START Data

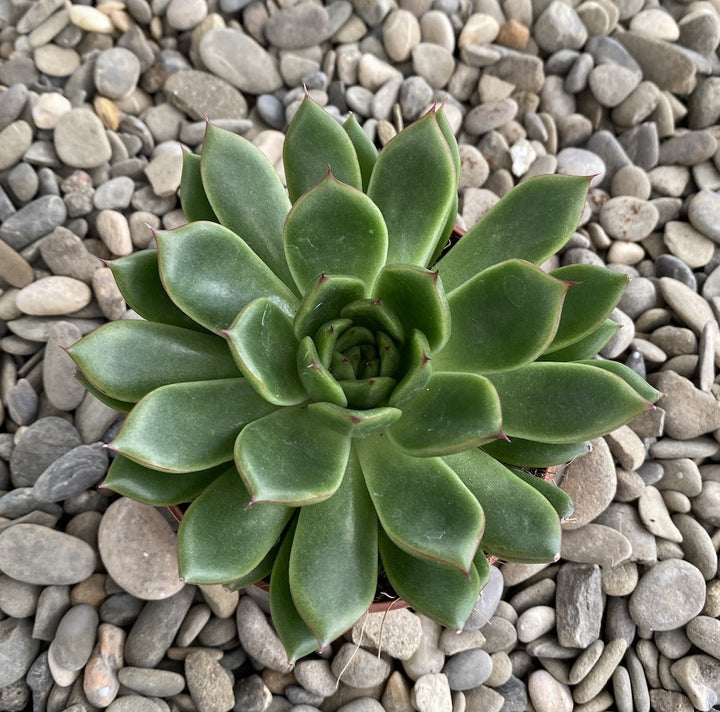 Echeveria Miranda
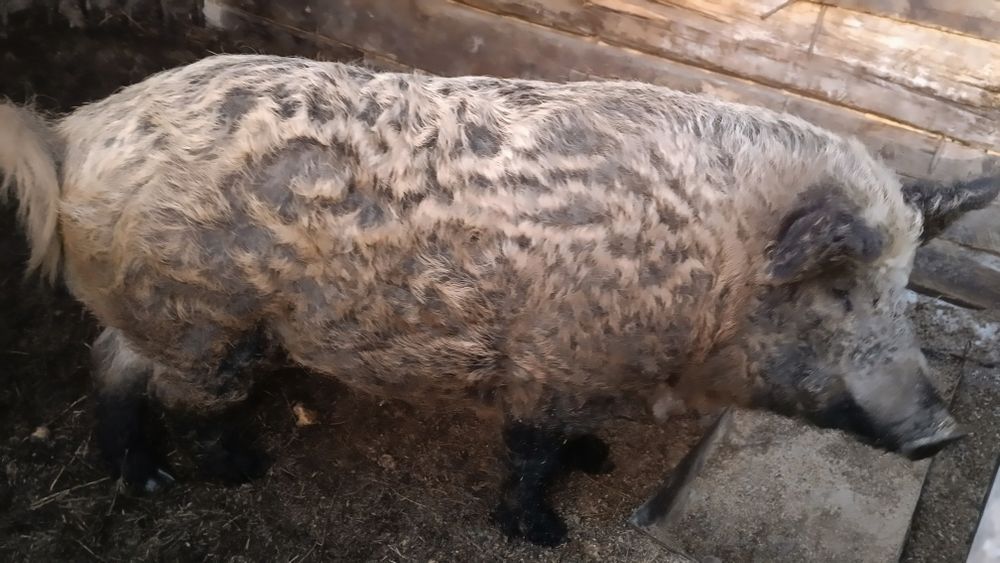 Продам хряка 200 000тг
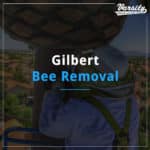 Gilbert Bee Removal featured image
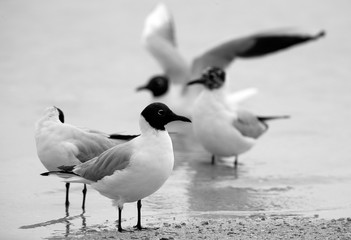 Black-headed gulls at Busaiteen coast, Bahrain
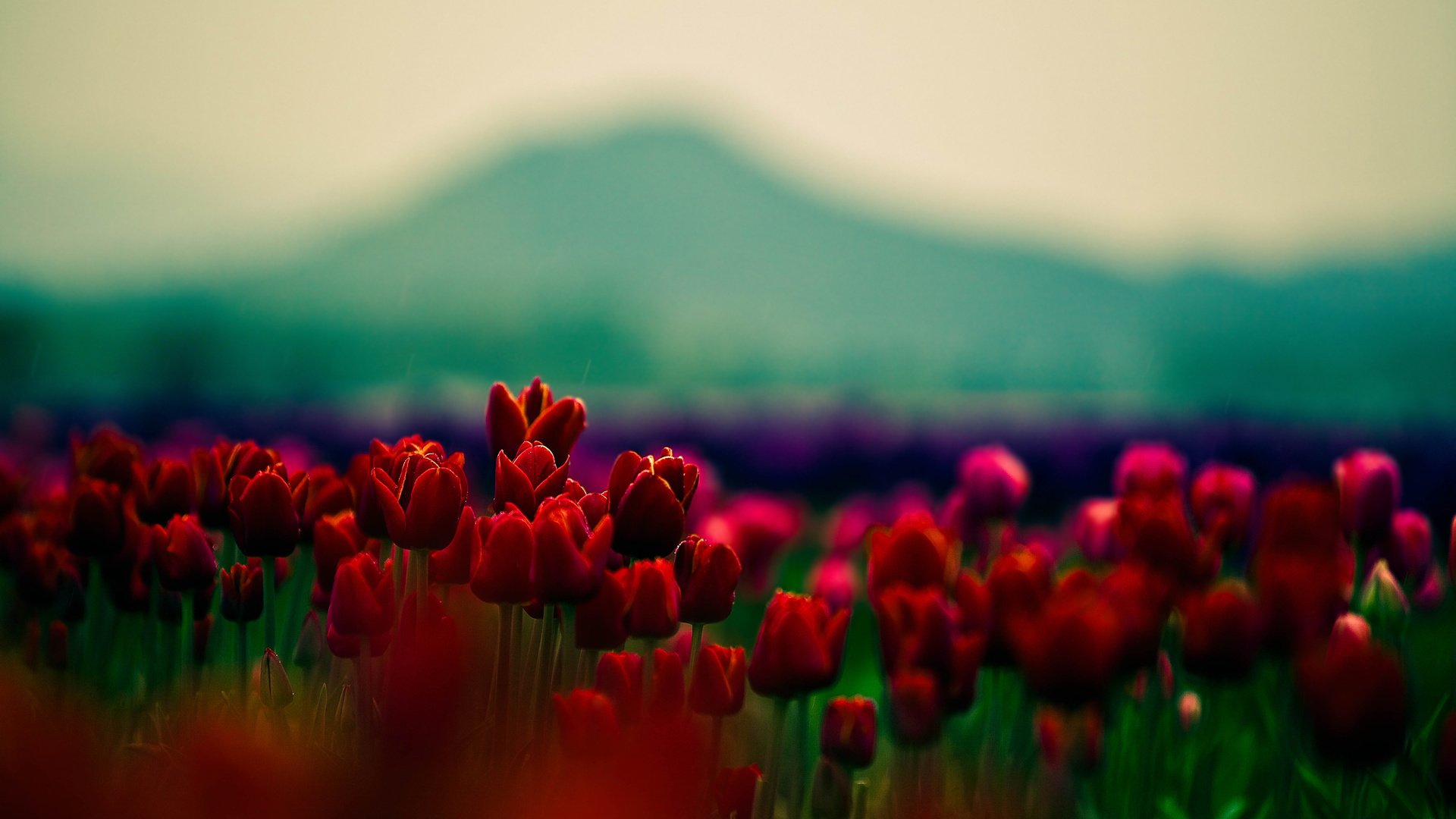 Обои цветы, природа, размытость, весна, тюльпаны, cvety, flowers, nature, blur, spring, tulips разрешение 1920x1200 Загрузить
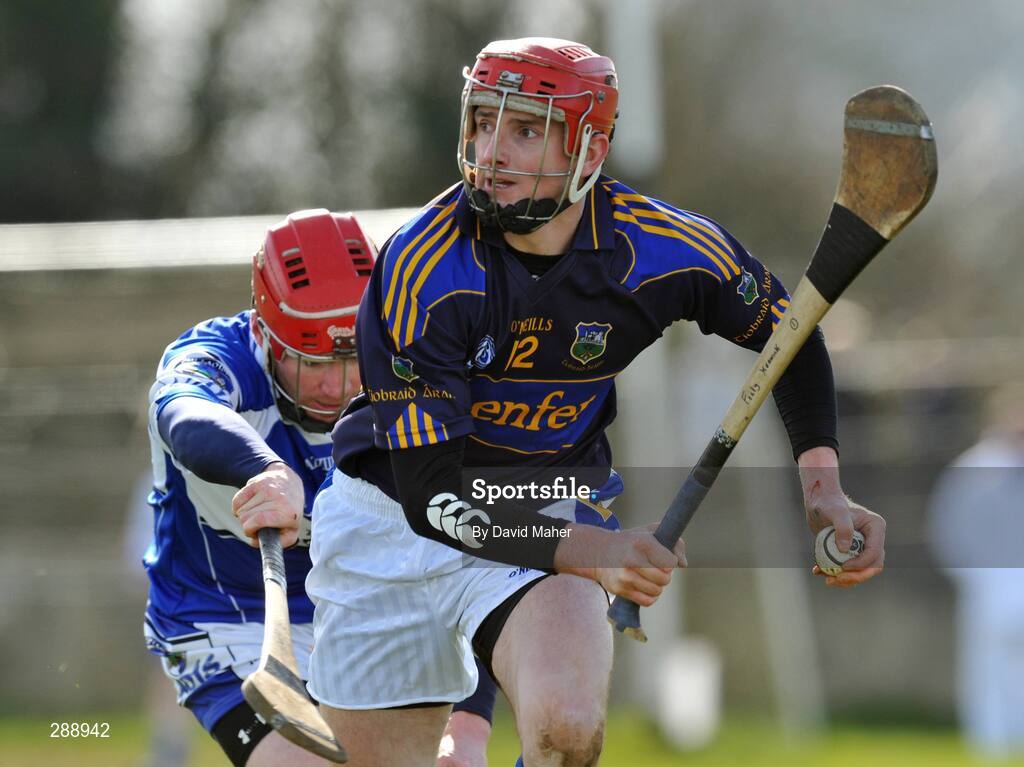 23 March 2008; Pat Kerwick, Tipperary. Allianz National Hurling League, Division 1A, Round 5, Tipperary v Laois, Leahy Park, Cashel, Co. Tipperary. Picture credit; David Maher / SPORTSFILE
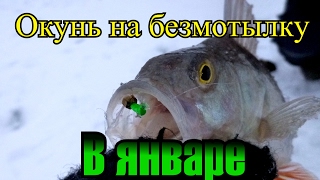 Ловля окуня на мормышку в январе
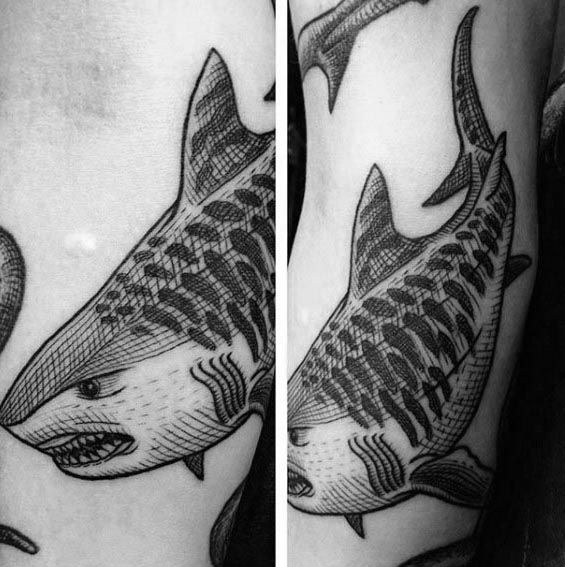 tatuaje tiburon tigre 02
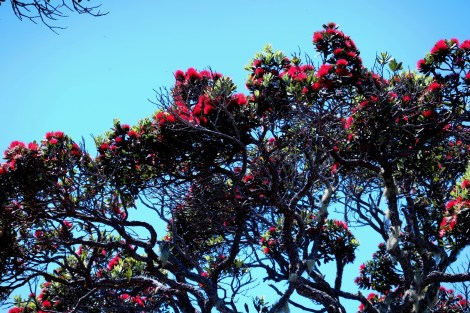 Die Neuseeländer nennen in Chrismas Tree, da er zu Weihnachten seine roten Schmuck trägt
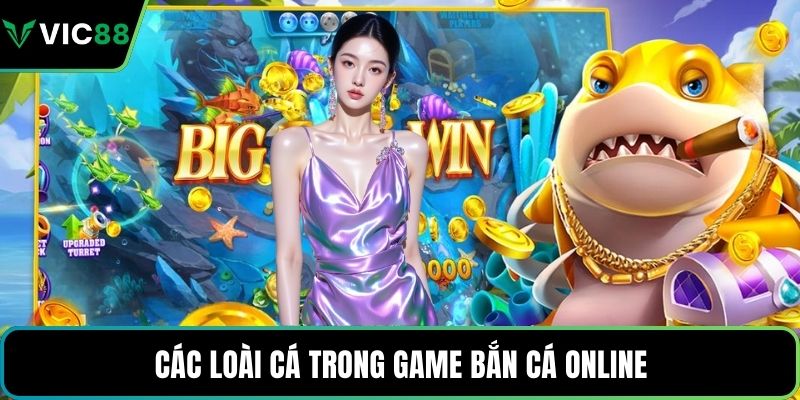 Các loài cá trong game bắn cá online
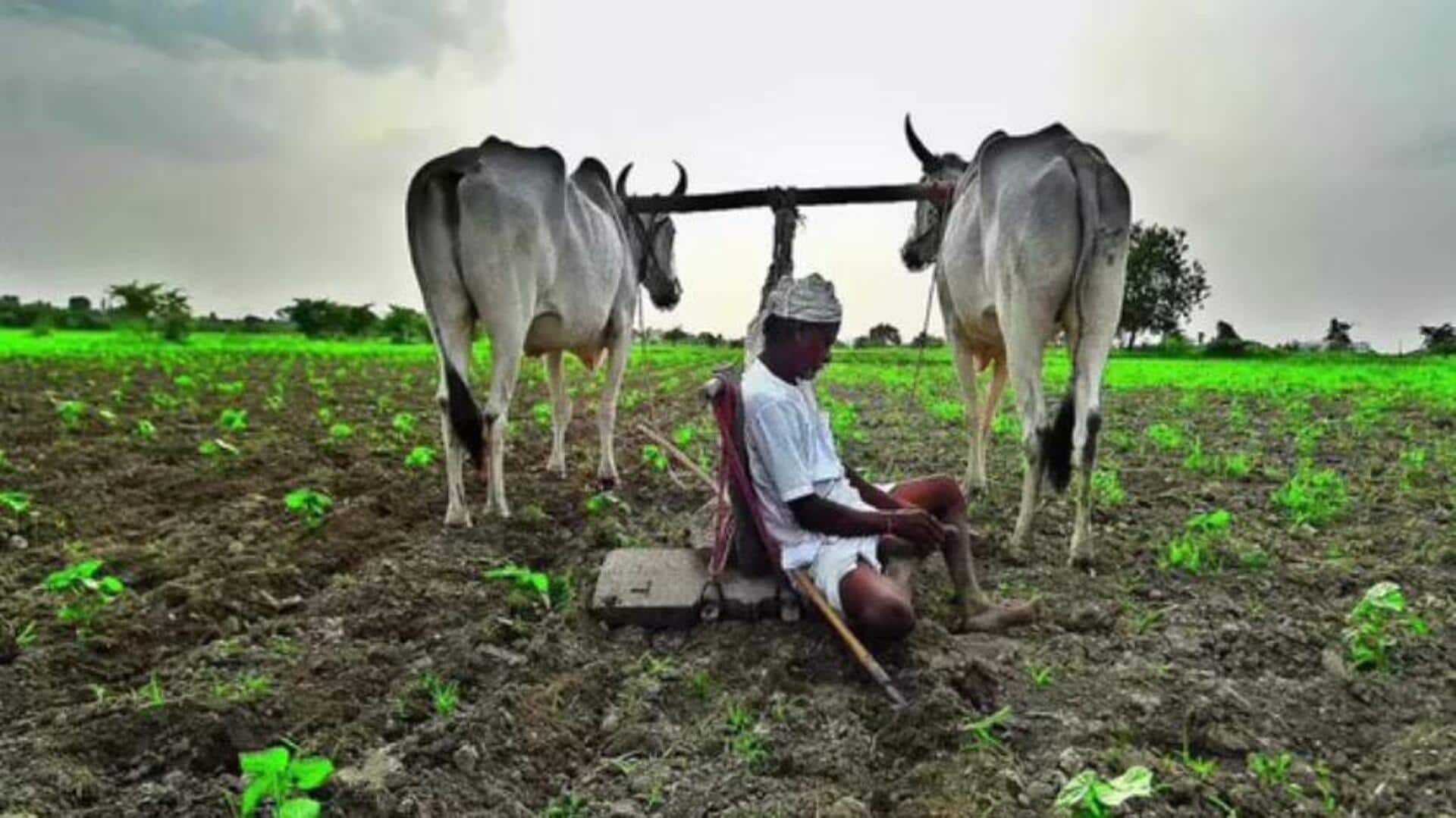 Rythu Bharosa: 9 రోజుల్లో రైతుభరోసా పూర్తి.. ఖాతాల్లో రూ.8,284 కోట్లు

END Data

## Work to be completed
Transcribe each entry exactly; images stay out.

## Result of this exercise
 Echeveria Miranda
 Продам хряка 200 000тг
 Gilbert Bee Removal featured image
 Black-headed gulls at Busaiteen coast, Bahrain
 Обои цветы, природа, размытость, весна, тюльпаны, cvety, flowers, nature, blur, spring, tulips разрешение 1920x1200 Загрузить
 23 March 2008; Pat Kerwick, Tipperary. Allianz National Hurling League, Division 1A, Round 5, Tipperary v Laois, Leahy Park, Cashel, Co. Tipperary. Picture credit; David Maher / SPORTSFILE
 Ловля окуня на мормышку в январе
 tatuaje tiburon tigre 02
 Die Neuseeländer nennen in Chrismas Tree, da er zu Weihnachten seine roten Schmuck trägt
 Các loài cá trong game bắn cá online
 Rythu Bharosa: 9 రోజుల్లో రైతుభరోసా పూర్తి.. ఖాతాల్లో రూ.8,284 కోట్లు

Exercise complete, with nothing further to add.